Petrus menyatakan bahwa Napiter titipan, bisa saja dengan leluasa menjalankan aksinya membangun jaringan teroris di NTT dari dalam Lapas. Dengan begitu Lapas di NTT bukannya bertujuan memperbaiki perilaku Napiter sesuai dengan tujuan pemidanaan. Akan tetapi Napiter itu justru menjadikan Lapas sebagai pintu masuk bagi penguatan jaringan teroris di NTT.
“Lewat kunjungan keluarga dan sahabat sehingga berpotensi mempermudah berkembang biaknya sel-sel teroris di NTT sebagai Provinsi yang terkenal sangat toleran dan rukun dalam menjaga NKRI dan Kebhinekaan,”
TPDI pun mengaku khawatir sebab jaringan sel-sel tidur binaan teroris profesional yang sudah menyebar di NTT telah dipetakan dan kelak bisa dimatikan oleh BIN dan Aparat penegak hukum.
Jika tidak, maka NTT tinggal menunggu waktu yang tepat bagi teroris untuk membuat masalah besar yang menggegerkan di NTT sebagai daerah baru target para teroris yang berdampak menggegerkan Indonesia bahkan dunia.
Menjauhkan Pengawasan, Tetapi Dekatkan Teroris versus Korbannya.
Penitipan Napiter di NTT, diduga kuat dilakukan tanpa ada koordinasi dengan Hakim Pengawas dan Pengamat dari Pengadilan yang memutus perkara Napiter dengan Hakim Pengawas dan Pengamat pada Pengadilan Negeri di wilayah hukumnya menerima titipan Napiter.

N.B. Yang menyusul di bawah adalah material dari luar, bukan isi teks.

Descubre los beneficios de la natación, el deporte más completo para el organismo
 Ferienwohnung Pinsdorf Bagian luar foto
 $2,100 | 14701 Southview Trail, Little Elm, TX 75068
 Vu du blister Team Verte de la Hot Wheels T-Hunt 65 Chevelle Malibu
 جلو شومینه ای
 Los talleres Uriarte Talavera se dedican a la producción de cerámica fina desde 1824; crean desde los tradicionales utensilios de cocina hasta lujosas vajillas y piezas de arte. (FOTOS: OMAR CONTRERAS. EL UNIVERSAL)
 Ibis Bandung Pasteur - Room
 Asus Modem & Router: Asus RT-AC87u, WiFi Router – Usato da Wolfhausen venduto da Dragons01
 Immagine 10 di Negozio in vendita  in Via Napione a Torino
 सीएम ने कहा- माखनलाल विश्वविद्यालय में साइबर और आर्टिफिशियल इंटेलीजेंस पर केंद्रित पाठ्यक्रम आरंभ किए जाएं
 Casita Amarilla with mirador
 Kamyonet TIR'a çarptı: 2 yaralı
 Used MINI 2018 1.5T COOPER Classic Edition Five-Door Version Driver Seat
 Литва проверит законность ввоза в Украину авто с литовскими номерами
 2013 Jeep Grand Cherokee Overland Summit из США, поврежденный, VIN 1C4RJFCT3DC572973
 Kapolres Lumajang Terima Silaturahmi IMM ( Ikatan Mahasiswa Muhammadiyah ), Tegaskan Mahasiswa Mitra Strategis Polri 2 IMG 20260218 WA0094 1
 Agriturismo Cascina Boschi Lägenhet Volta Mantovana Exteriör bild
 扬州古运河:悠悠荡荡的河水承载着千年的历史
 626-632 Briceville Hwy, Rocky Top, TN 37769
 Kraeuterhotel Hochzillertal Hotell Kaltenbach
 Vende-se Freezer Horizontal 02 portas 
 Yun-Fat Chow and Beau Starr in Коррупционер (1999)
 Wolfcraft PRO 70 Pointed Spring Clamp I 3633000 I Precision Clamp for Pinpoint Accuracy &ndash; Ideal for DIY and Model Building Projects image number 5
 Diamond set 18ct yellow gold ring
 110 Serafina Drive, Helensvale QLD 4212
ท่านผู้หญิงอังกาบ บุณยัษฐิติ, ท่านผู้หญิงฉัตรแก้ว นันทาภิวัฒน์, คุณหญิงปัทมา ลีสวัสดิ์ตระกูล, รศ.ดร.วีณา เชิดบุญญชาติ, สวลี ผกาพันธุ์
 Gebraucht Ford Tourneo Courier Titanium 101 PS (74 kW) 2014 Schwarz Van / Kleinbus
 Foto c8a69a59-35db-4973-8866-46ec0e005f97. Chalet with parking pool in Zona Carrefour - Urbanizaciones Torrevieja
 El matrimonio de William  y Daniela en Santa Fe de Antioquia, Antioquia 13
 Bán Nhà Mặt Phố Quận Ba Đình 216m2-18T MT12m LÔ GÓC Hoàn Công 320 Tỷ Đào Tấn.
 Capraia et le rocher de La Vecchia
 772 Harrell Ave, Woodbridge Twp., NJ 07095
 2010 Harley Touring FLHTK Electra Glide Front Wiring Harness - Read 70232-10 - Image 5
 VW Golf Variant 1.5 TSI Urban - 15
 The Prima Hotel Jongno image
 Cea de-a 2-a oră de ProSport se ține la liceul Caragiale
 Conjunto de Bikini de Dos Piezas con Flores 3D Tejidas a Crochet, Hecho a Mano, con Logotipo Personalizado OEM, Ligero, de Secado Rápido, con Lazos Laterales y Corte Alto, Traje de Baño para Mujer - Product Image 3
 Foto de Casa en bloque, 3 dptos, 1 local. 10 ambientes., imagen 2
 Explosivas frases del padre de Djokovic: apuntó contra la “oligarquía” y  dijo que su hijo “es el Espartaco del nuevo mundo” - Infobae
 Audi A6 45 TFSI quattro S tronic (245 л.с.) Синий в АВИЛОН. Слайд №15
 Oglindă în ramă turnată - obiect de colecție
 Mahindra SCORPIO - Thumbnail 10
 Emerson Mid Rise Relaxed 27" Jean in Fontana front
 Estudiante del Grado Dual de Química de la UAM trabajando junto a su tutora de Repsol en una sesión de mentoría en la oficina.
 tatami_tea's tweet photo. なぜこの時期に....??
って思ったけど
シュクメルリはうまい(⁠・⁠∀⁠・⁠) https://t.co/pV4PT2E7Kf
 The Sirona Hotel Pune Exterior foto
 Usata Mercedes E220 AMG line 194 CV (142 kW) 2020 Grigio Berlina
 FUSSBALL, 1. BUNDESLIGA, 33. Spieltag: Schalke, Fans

“Sebagaimana hal itu diatur dalam KUHAP dan SEMA No. 7 Tahun 1985. Jika demikian halnya, maka penitipan Napiter dimaksud dapat ditafsirkan sebagai upaya untuk menjauhkan Napiter dari pengawasan dan pengamatan Hakim Pengawas dan Pengamat dan mendekatkan “pelaku teror” dengan “calon korbannya,”
Jika hal tersebut terjadi, maka implikasi hukumnya adalah penitipan Napiter menjadi cacat hukum dan bermasalah secara hukum dan politik karena melenceng dari tujuan pemidanaan itu sendiri. Ini bisa menimbulkan tafsir lain yaitu sebagai sebuah “grand design” untuk mempermudah kerja para teroris.
Apalagi para teroris memiliki kemampuan untuk membungkus identitas aslinya dengan profesi apa saja demi menyamarkan identitas aslinya dengan tujuan mereka yang sesungguhnya. (DEL/NAL/FDS).